Menurut Koordinator Divisi Korupsi Politik Indonesian Corruption Watch (ICW) Ade Irawan, Saiful bisa terlibat dalam pusaran kasus ini. Jika, ia mengetahui uang pembayaran jasanya berasal dari hasil tindak pidana korupsi Amran.
"Dalam undang-undang tindak pidana pencucian uang kan begitu, siapa yang menerima aliran dana dan ia tahu asalnya dari hasil tindak pidana korupsi, maka dia bisa dinyatakan terlibat pidana," kata Ade, Ahad (22/7).

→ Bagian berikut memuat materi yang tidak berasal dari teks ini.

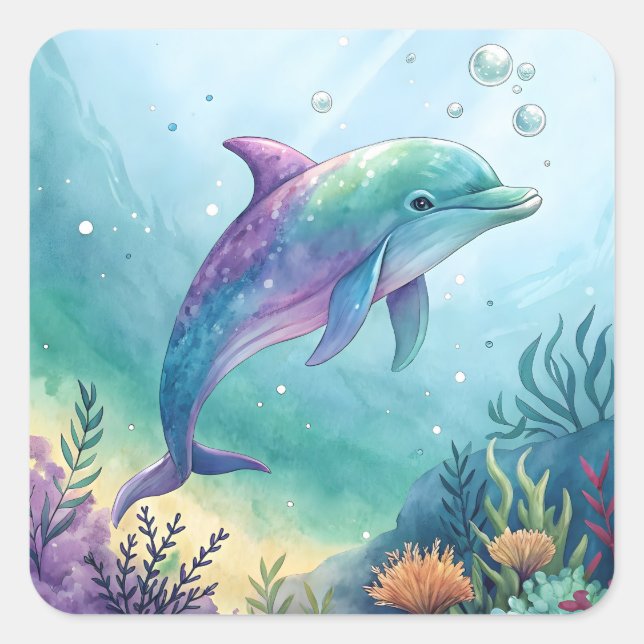 Pegatina Cuadrada Watercolor painted dolphin (Anverso)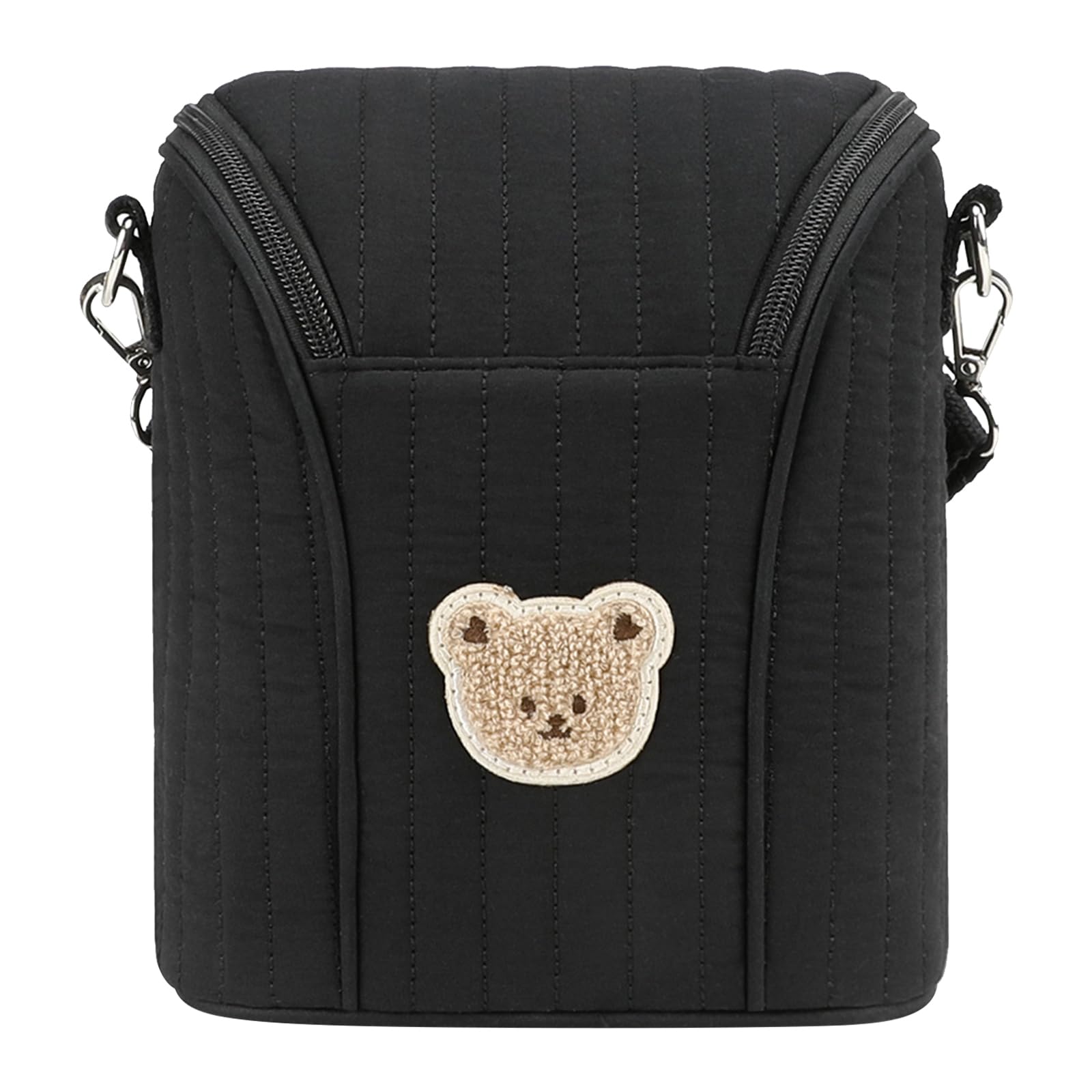 Niedliche Bären-Kühltasche for Babyflaschen, wiederverwendbar, isoliert | Wiederverwendbare isolierte Babyflaschentasche aus Baumwolle mit abnehmbarer Schnalle for Babys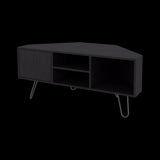 Rack de TV Lancaster Wengue 115x50cm Pata TV Hasta 50 Pulgadas con Cuatro Compartimientos - MUEBLES DE TV | Bylmo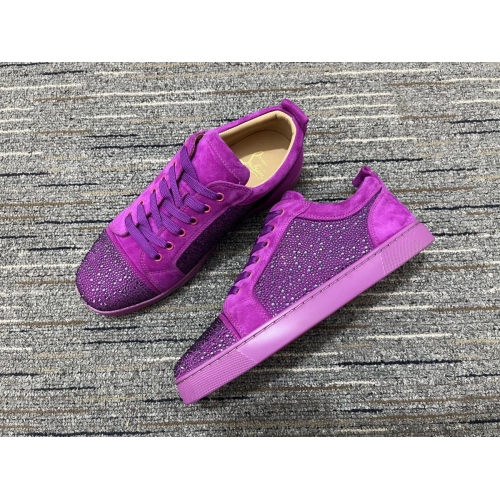 Discount Christian Louboutin Louis Junior Strass Sneakers Suede Leather Purple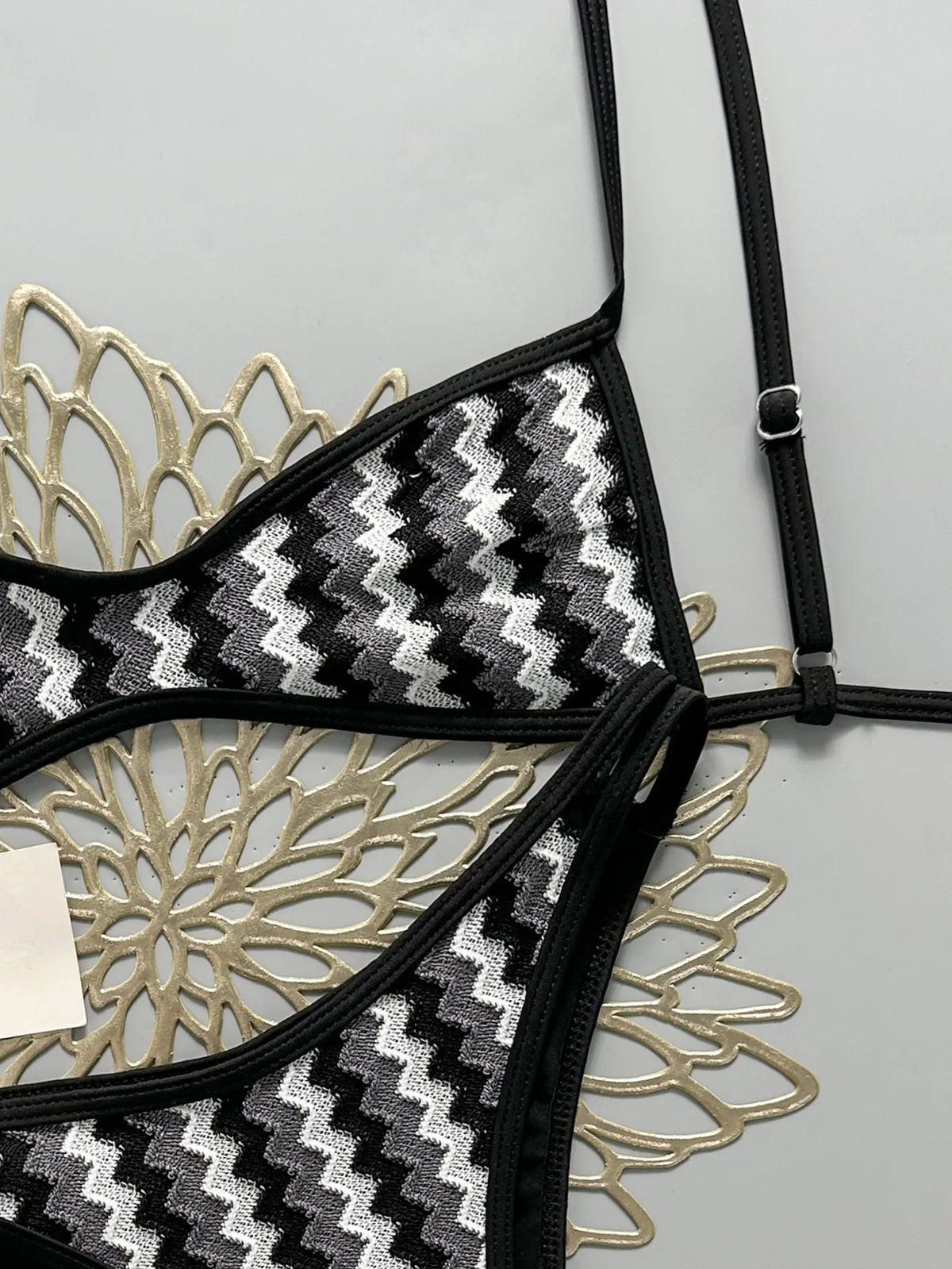 Crochet Striped High Leg Cut Brazilian Bikini Female Swimsuit Women Swimwear Two-pieces Bikini Set Bather Bathing Suit Swim Lady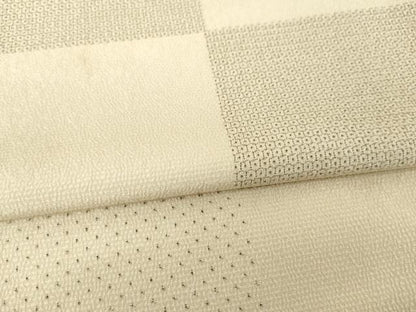 平和屋着物▽本塩沢 単衣 110亀甲 市松文 正絹 逸品 AABG7274ck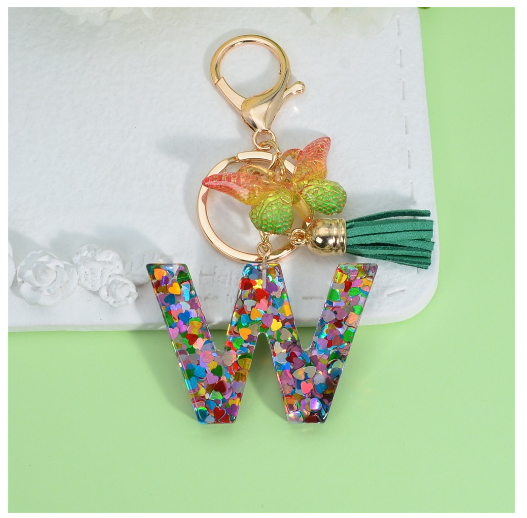 Fashion Butterfly Pendant 26 Letter Keychain Heart Sequins Filled A-Z Initial Key Chains With Tassel Bag Charms Accessories Gift W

Menurut Ade, diperiksanya Saiful harus menjadi pelajaran bagi konsultan dan lembaga survey politik lainnya. Yaitu, agar mereka tidak sembarangan menerima pesanan konsultasi dari calon peserta pemilu yang terindikasi tindak pidana korupsi. "Lembaga survey atau konsultan politik, jangan cuma masang tarif tinggi tapi tak tahu uang jasa mereka berasal dari korupsi," kata Ade.
Ade juga mengeritik lembaga survei dan konsultan politik selama ini. Mereka cenderung melakukan survei untuk mempengaruhi publik bukan untuk memberikan pendidikan politik kepada publik tentang siapa calon yang akan mereka pilih. "Apalagi kalau konsultan tahu uangnya dari hasil korupsi, pasti ada unsur pesanan dan mempengaruhi dalam metode survey mereka," katanya.
KPK, pada Rabu (17/7), memeriksa pengamat politik, Saiful Mujani, terkait kasus dugaan suap penerbitan izin hak guna usaha (HGU) perkebunan di Kabupaten Buol, Sulawesi Tengah. Pemilik perusahan jasa konsultan pendampingan politik, Saiful Mujani Research and Consulting itu diperiksa sebagai saksi.